Section 998 Settlement Offer Violated Labor Code
Wasito v. Kazali, 2021 WL 3878379 (Cal. Ct. App. 2021)
Subiono Wasito and Enny Soenjoto (plaintiffs) were employed as resident managers of a motel owned by the Kazali family. When the Kazalis closed the motel for renovations, plaintiffs were told their employment was being terminated. After plaintiffs demanded their unpaid wages, the Kazalis paid the unpaid salaries, but not the annual bonuses, despite conceding they were owed. Before trial, the Kazalis made a Cal. Code Civ. Proc. § 998 offer to pay plaintiffs $300,000 in settlement. After the Section 998 offer expired after 30 days, the Kazalis sent plaintiffs checks in the amount of $75,876.90 for the unpaid bonuses, including interest and penalties. The case proceeded to trial, and the jury awarded plaintiffs less than $2,200 (after the trial court adjusted the jury award). Both sides sought to recover their costs, and plaintiffs sought and recovered $66,700 in attorney’s fees because they were the “prevailing parties.” The trial court denied the Kazalis’ motion to recover their costs on the ground the Section 998 offer violated Labor Code §§ 206 and 206.5 because the Kazalis withheld undisputed compensation while attempting to settle all claims. The Court of Appeal affirmed the judgment. See also Reddish v. Westamerica Bank, 2021 WL 3827308 (Cal. Ct. App. 2021) (trial court’s order that the parties share the costs of depositions is not appealable under the collateral order doctrine).

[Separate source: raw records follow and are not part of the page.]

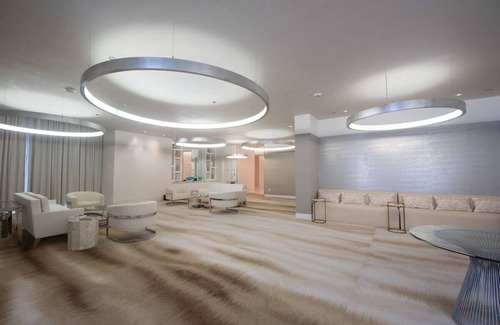 Nassau Hôtel | Get Ready for Blissful Getaway! Pools and Water Park! Pet-Friendly Property!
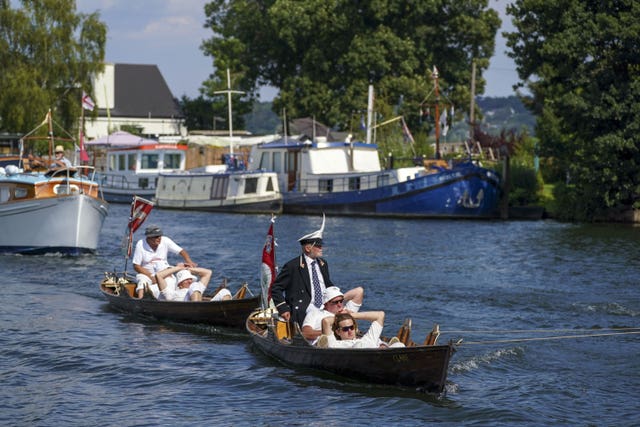 Swan Upping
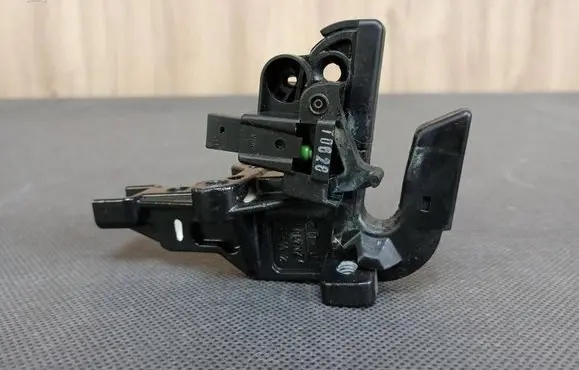 Mercedes-Benz CLK A209 C209 Convertible roof hinge A2098201910 2098201910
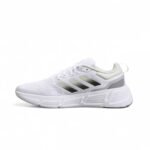 adidas Questar - white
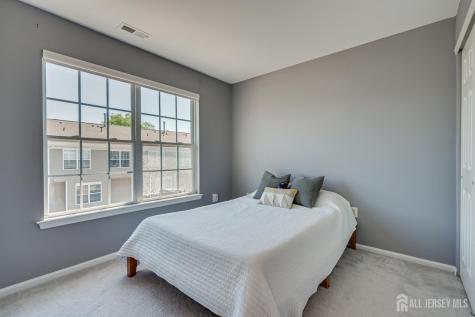 41 Rojewski Way Parlin NJ 08859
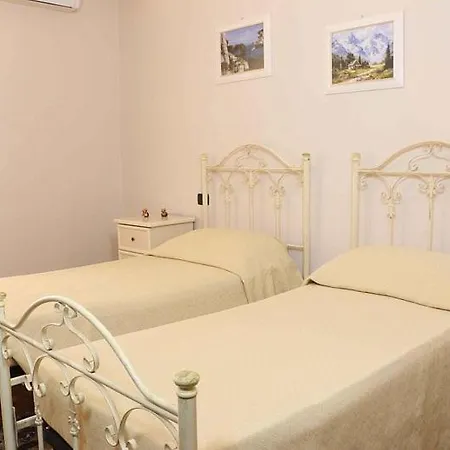 V. Milon Bed and Breakfast *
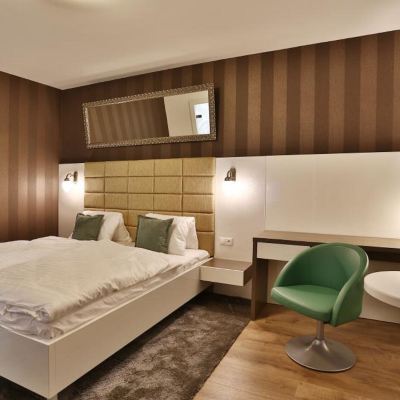 Deluxe Studio (25) VIP Apartments Promo Code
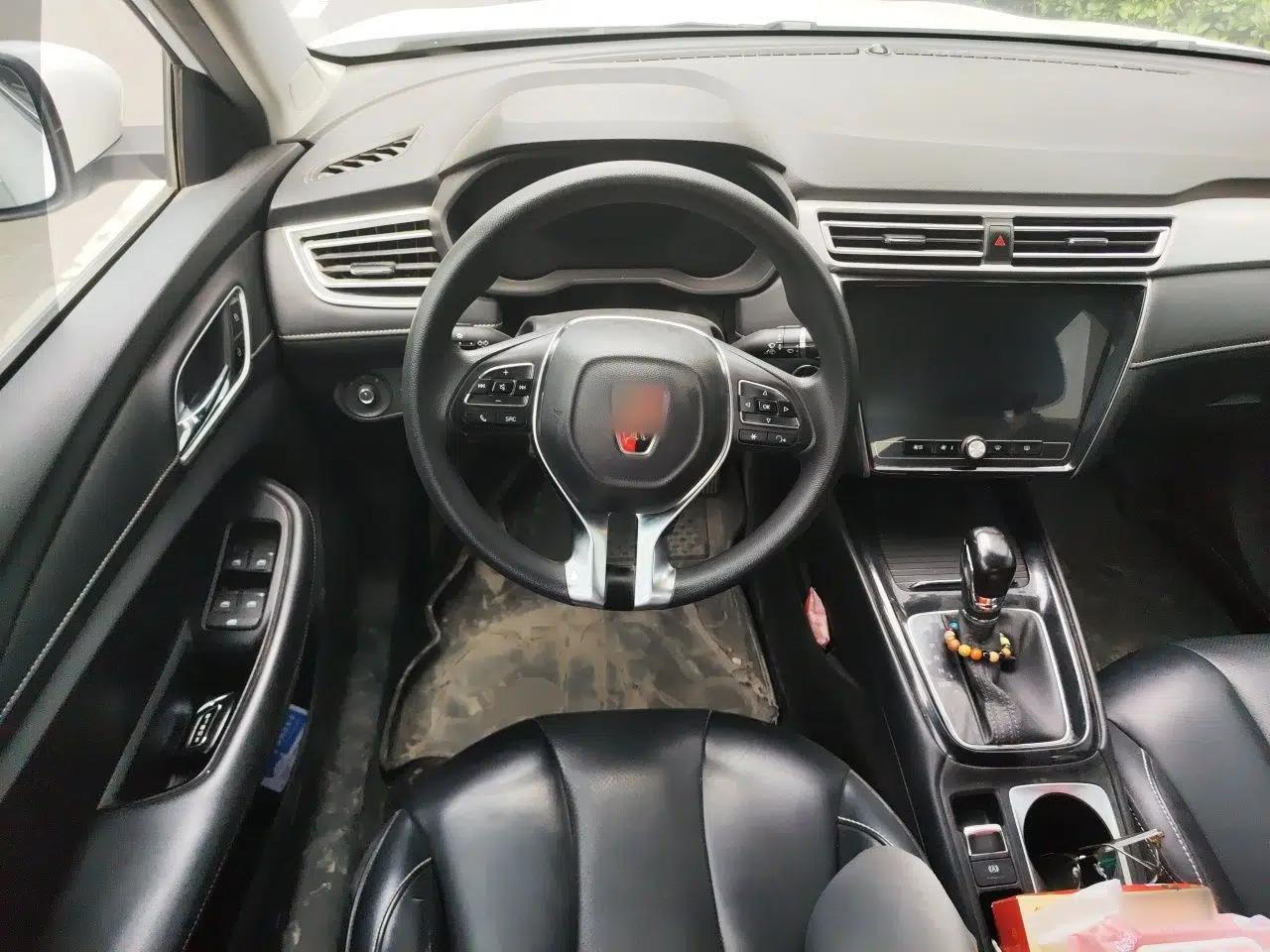 Roewe i5 2020 1.5L Automatic 4G Connect Luxury Flagship Edition — миниатюра 10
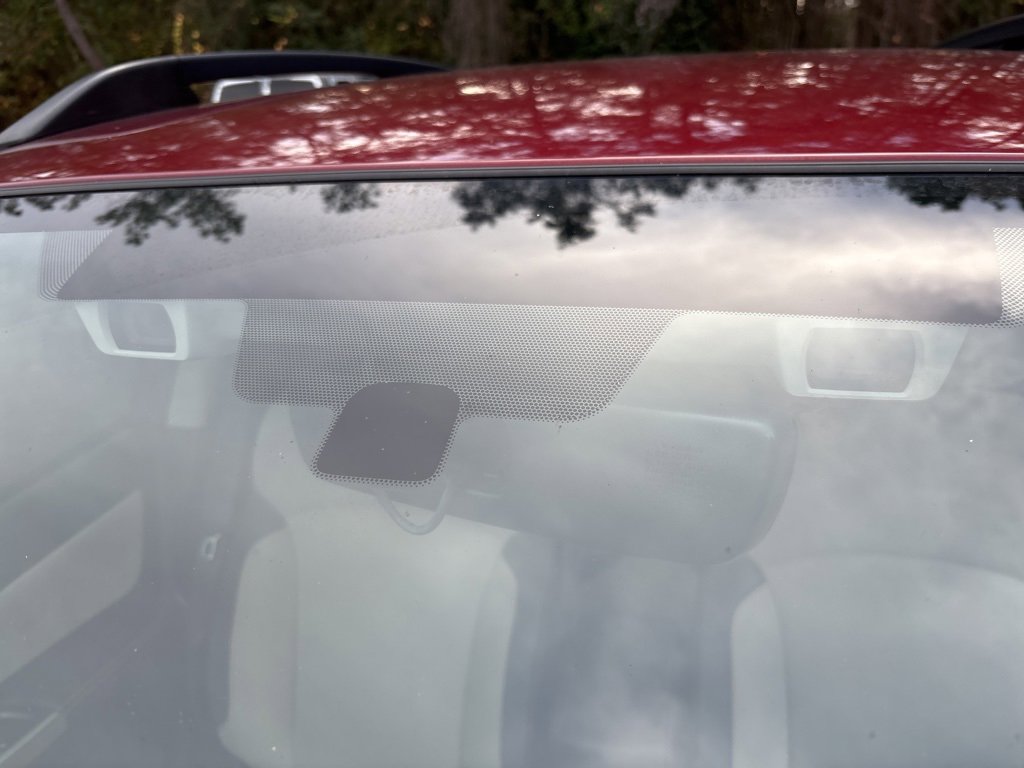 Used 2017 Subaru Crosstrek 2.0i Premium image 2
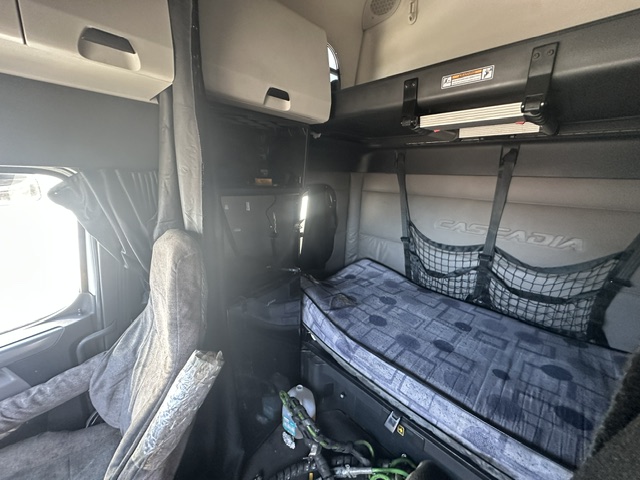 Freightliner Cascadia 126 Sleeper Truck, 2018 – Detroit DD15, DT12 Automatic, Class 8 Semi Tractor - Image 5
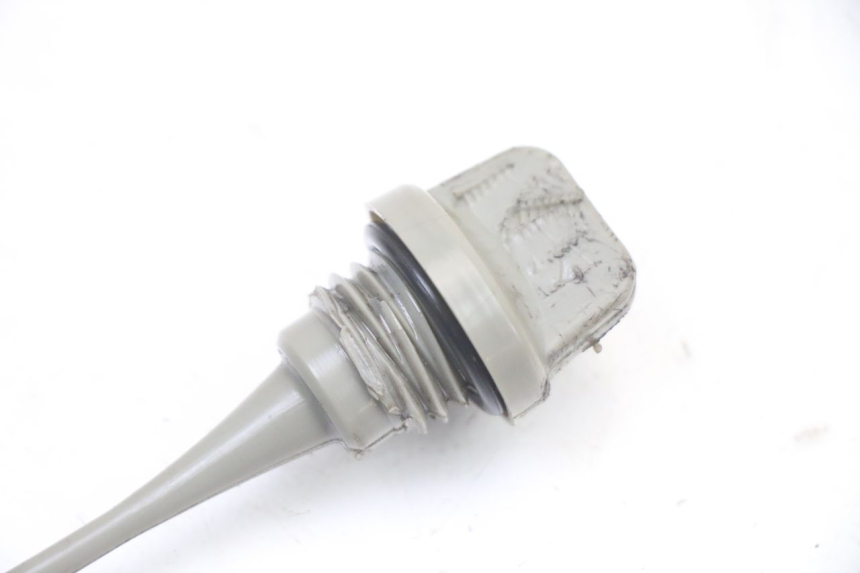 photo de MEDIDOR DE ACEITE DEL MOTOR YAMAHA PW 80 (1983 - 2014) - Detalle de la pieza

Farm Labor Employers Did Not Fail To Pay Minimum Wage To Discharged Employees
Jaime Zepeda Labor Contracting, Inc. v. Department of Indus. Relations, 2021 WL 3560937 (Cal. Ct. App. 2021)
The California Division of Labor Standards Enforcement (DLSE) issued minimum wage citations to farm labor employers pursuant to Cal. Lab. Code § 1197.1 despite the fact that it was undisputed that the employers paid all of the employees at least the minimum wage by payday. The DLSE contended that the failure to pay wages on the dates the employees were discharged or within 72 hours of when they quit subjected the employers to waiting time penalties and constituted independent minimum wage violations that justified the issuance of the citations. The trial court granted a peremptory writ directing the DLSE to dismiss the citations with prejudice. The Court of Appeal affirmed, holding that to conclude otherwise would subject an employer to a double penalty for a single violation.